急いで部屋に戻りたいが、水が零れそうでゆっくり歩いた。漸く部屋に辿り着く。ガラス戸を閉めて、障子を静かに開ける。
額の手拭いはぬるくなっていた。新しい手拭いを絞って額に乗せる。
「ん・・・、一護か、何してる?」
「ん?」
手拭いを裏向ける。ひやりとして気持ち良い。
「まさかずっとやってたのか?」
一護の手を見ると真っ赤になっていた。それでもニコニコ笑って隣りに座っていた。じゃぶじゃぶと新しい手拭いを絞る一護。
ぬるくなった手拭いと替える。

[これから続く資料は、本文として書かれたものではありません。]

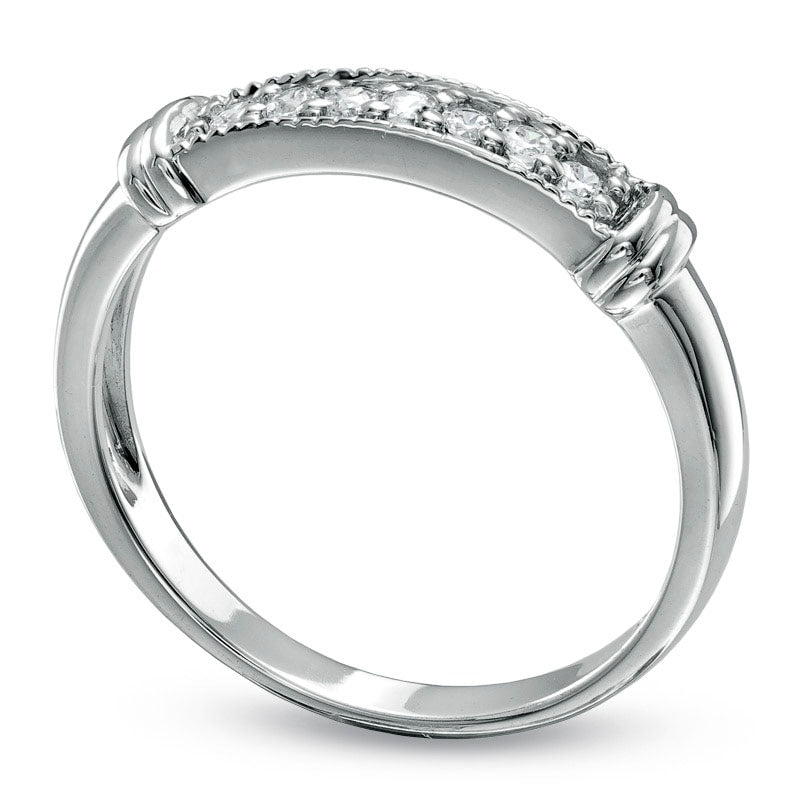 0.10 CT. T. W. Natural Diamond Seven Stone Band in Solid 10K White Gold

頬に張り付いた髪を梳いた。その手はきっと痛いくらいに冷たいのだろう。
「一護、ほれ、入れ」
剣八が、蒲団を半分開けた。
「にゃ、にゃあう・・・」
「いいから来い!身体冷えてんだろうが」
ぐいっと引き寄せると、着物も身体も冷え切っていた。
「ったく、俺の為にこんなにするこたねんだよ」
「にゃあう・・・」
「寝るぞ、お前も寝ろ」
「にい・・・」
「冷たくて気持ち良いな・・・」
すりすりと顔をすりつける一護。
「悪かったよ、心配させて・・・」
「にゃう」
剣八の隣りで眠る一護。冷えた身体を擦りながら眠る剣八。

様子を見に来た弓親が、余りにも微笑ましくてくすりと、笑って部屋を後にした。

次の日には、全快した剣八。一護を甘やかす剣八が見られた。






09/01/09作 第53作目です。看病シリーズ?次は、子猫が風邪ひいて、猫剣に看病?される話書こうかな。